**HOW TO COMPLETE THIS TASK**
Emit a verbatim copy of the lines below from the line with "Portrait en longueur" through the line with "Abito nero a", excluding pictures and everything outside that range.

**SUPPLIED DATA**
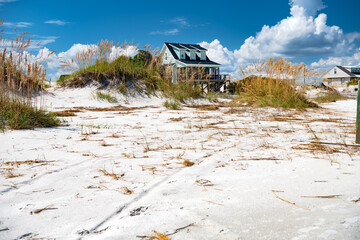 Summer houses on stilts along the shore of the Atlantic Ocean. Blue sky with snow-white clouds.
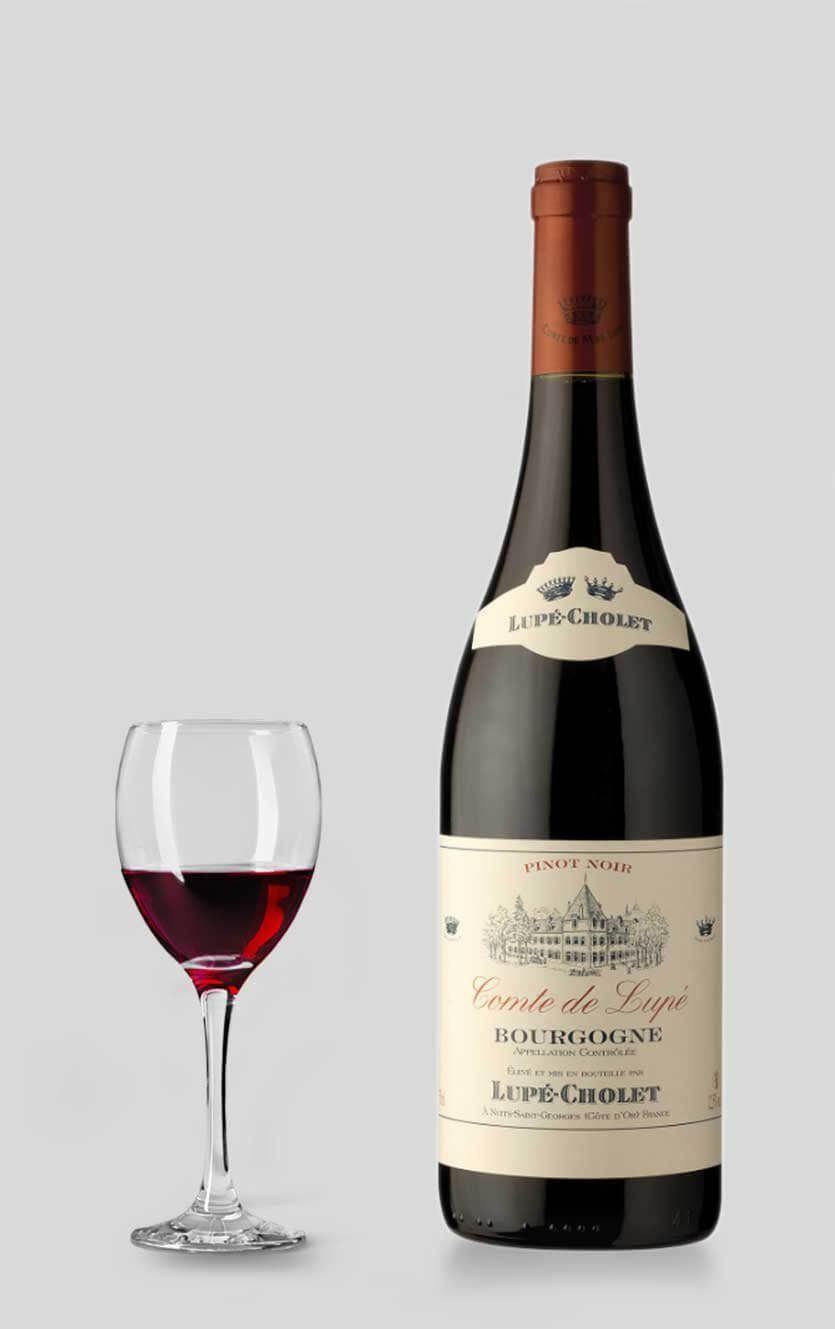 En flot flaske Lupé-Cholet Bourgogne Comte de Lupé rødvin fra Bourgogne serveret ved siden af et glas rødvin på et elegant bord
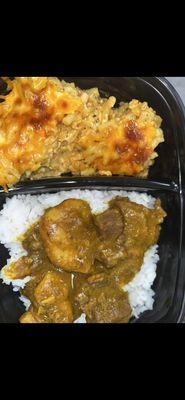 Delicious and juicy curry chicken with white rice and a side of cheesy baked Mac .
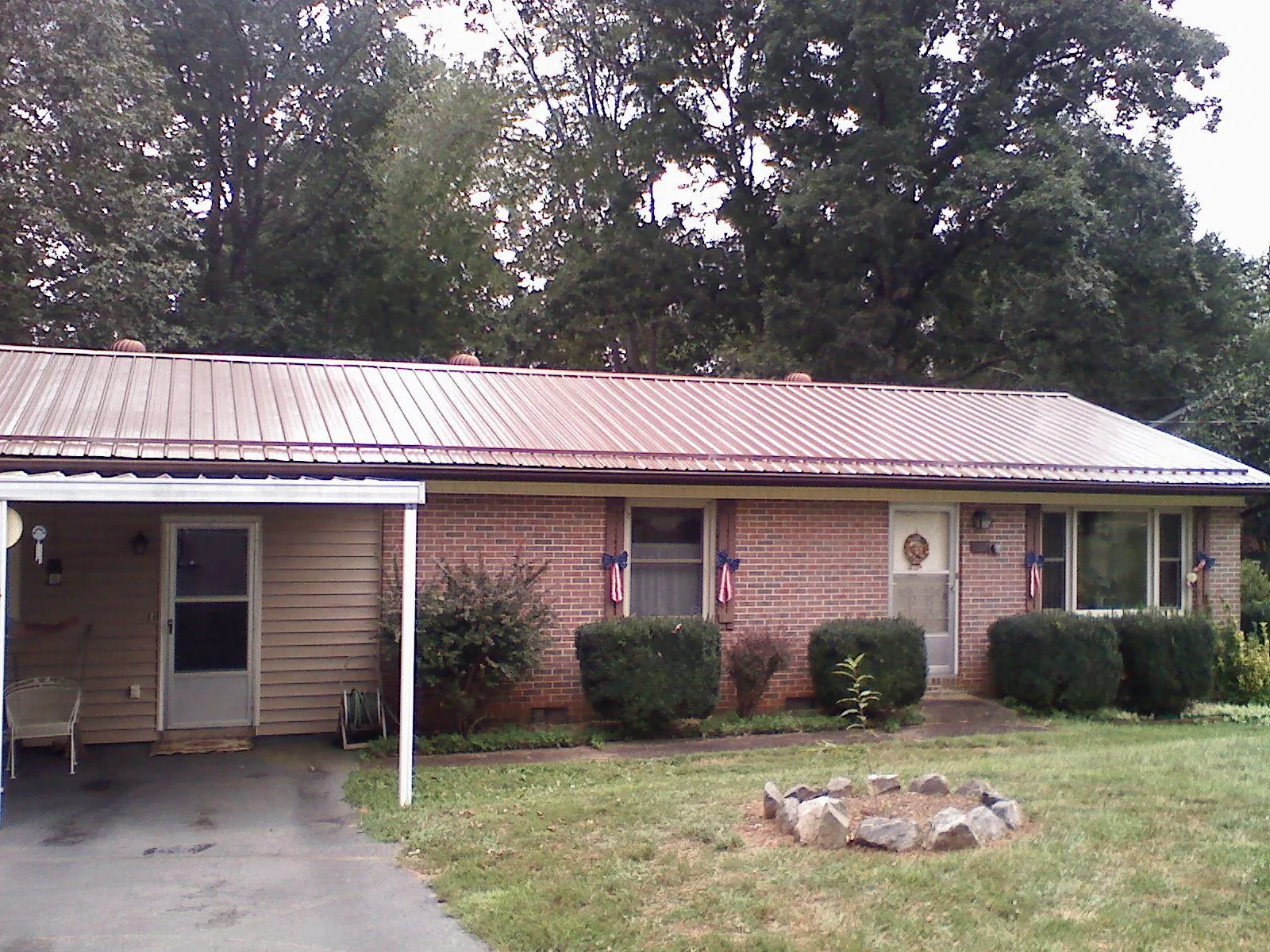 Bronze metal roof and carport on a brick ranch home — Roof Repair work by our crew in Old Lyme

--

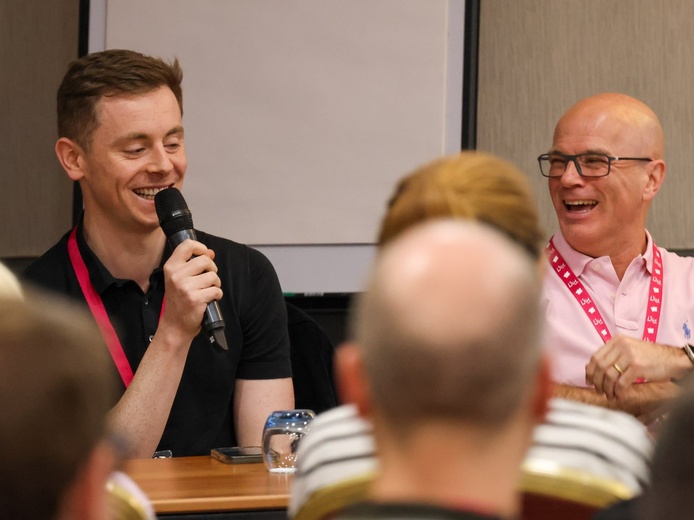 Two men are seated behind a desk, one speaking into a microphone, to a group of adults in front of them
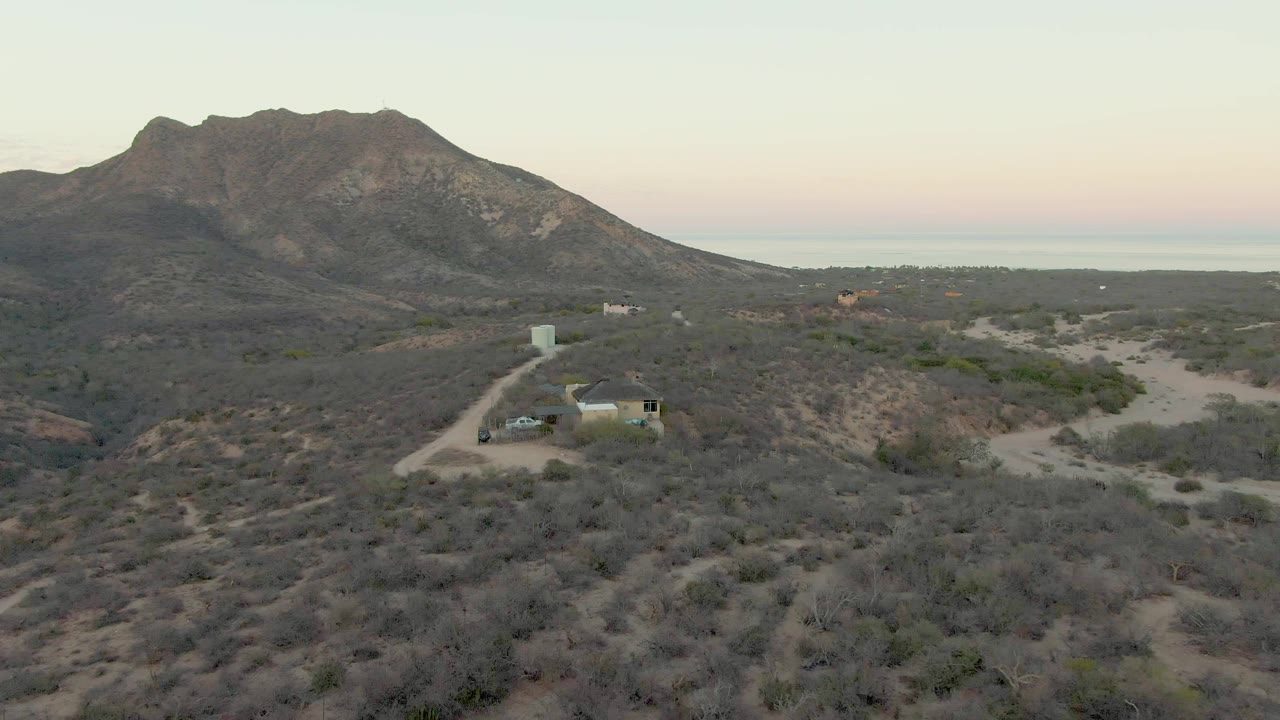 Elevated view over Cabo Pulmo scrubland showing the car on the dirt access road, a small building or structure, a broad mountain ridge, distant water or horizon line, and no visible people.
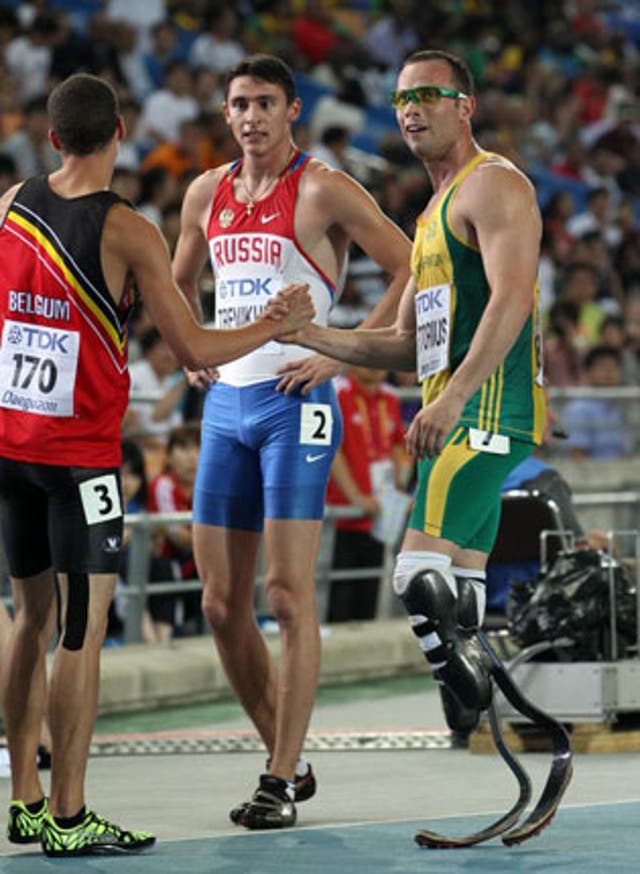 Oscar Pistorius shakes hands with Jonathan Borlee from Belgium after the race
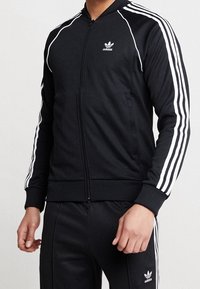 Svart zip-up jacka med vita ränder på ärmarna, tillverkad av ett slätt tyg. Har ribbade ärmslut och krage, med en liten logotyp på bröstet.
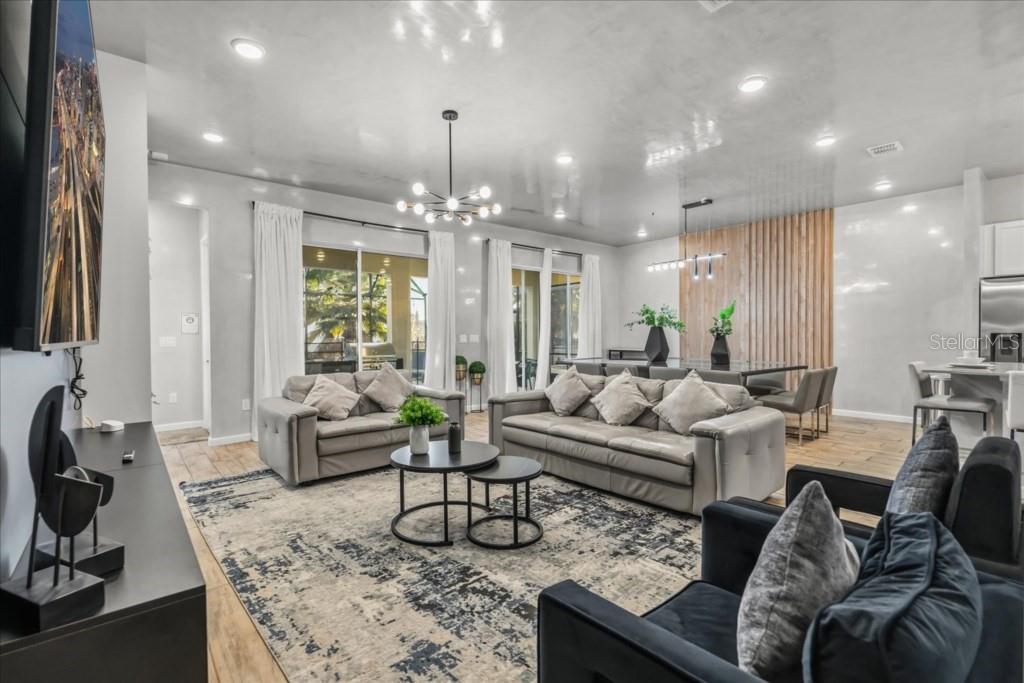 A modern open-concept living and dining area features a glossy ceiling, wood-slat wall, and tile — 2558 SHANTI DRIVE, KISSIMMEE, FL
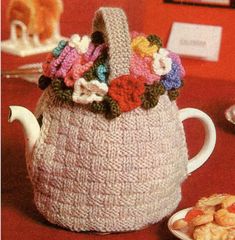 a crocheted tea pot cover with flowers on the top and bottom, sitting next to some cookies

---

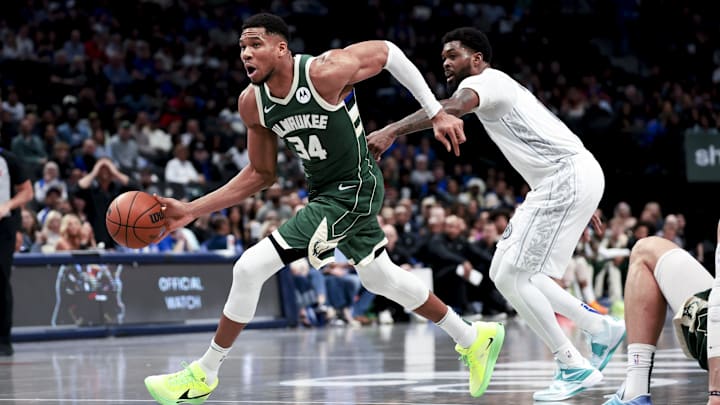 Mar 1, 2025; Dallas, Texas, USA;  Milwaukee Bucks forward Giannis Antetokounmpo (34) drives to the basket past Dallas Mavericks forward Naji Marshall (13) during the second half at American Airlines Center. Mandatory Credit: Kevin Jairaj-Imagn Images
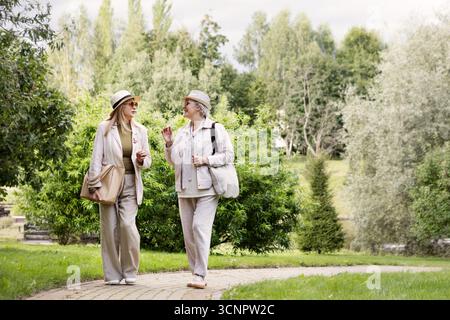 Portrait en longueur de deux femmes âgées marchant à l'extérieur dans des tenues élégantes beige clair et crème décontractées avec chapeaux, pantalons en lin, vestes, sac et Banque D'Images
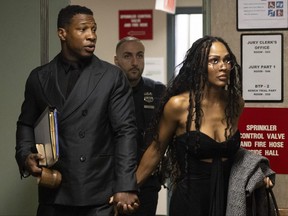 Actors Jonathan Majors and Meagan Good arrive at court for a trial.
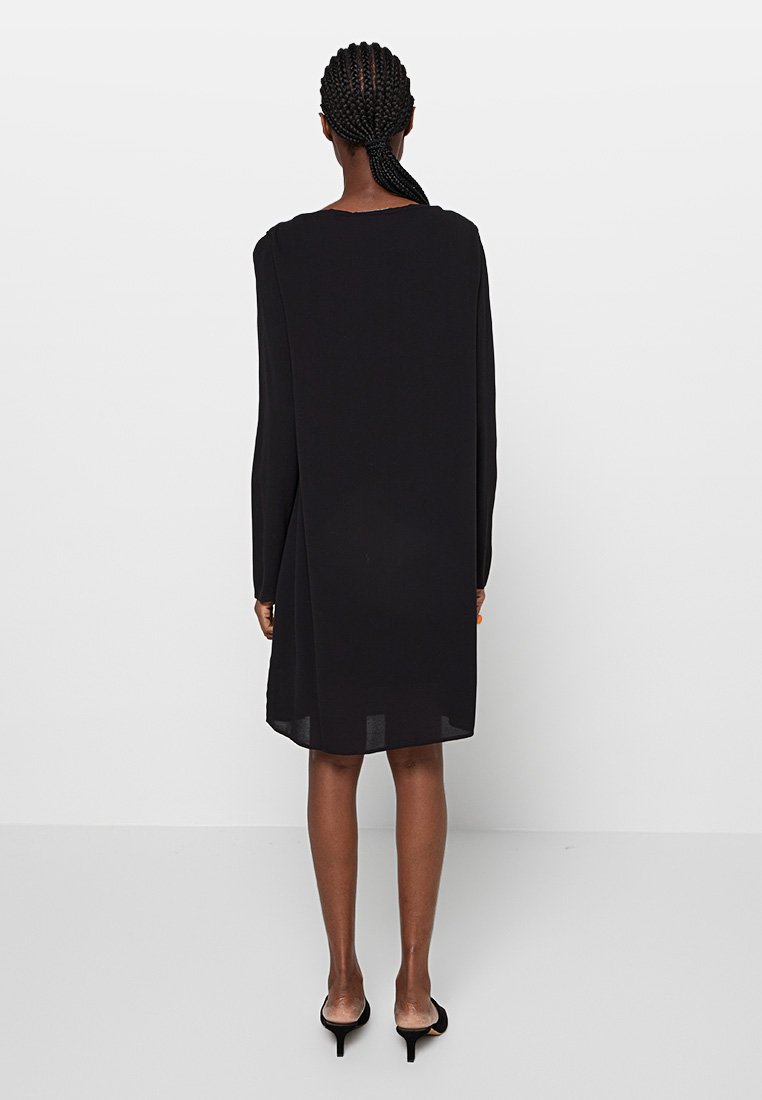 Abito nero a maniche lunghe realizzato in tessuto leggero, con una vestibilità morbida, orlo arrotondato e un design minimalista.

**RESPONSE TO THE EXERCISE**
 Portrait en longueur de deux femmes âgées marchant à l'extérieur dans des tenues élégantes beige clair et crème décontractées avec chapeaux, pantalons en lin, vestes, sac et Banque D'Images
 Actors Jonathan Majors and Meagan Good arrive at court for a trial.
 Abito nero a maniche lunghe realizzato in tessuto leggero, con una vestibilità morbida, orlo arrotondato e un design minimalista.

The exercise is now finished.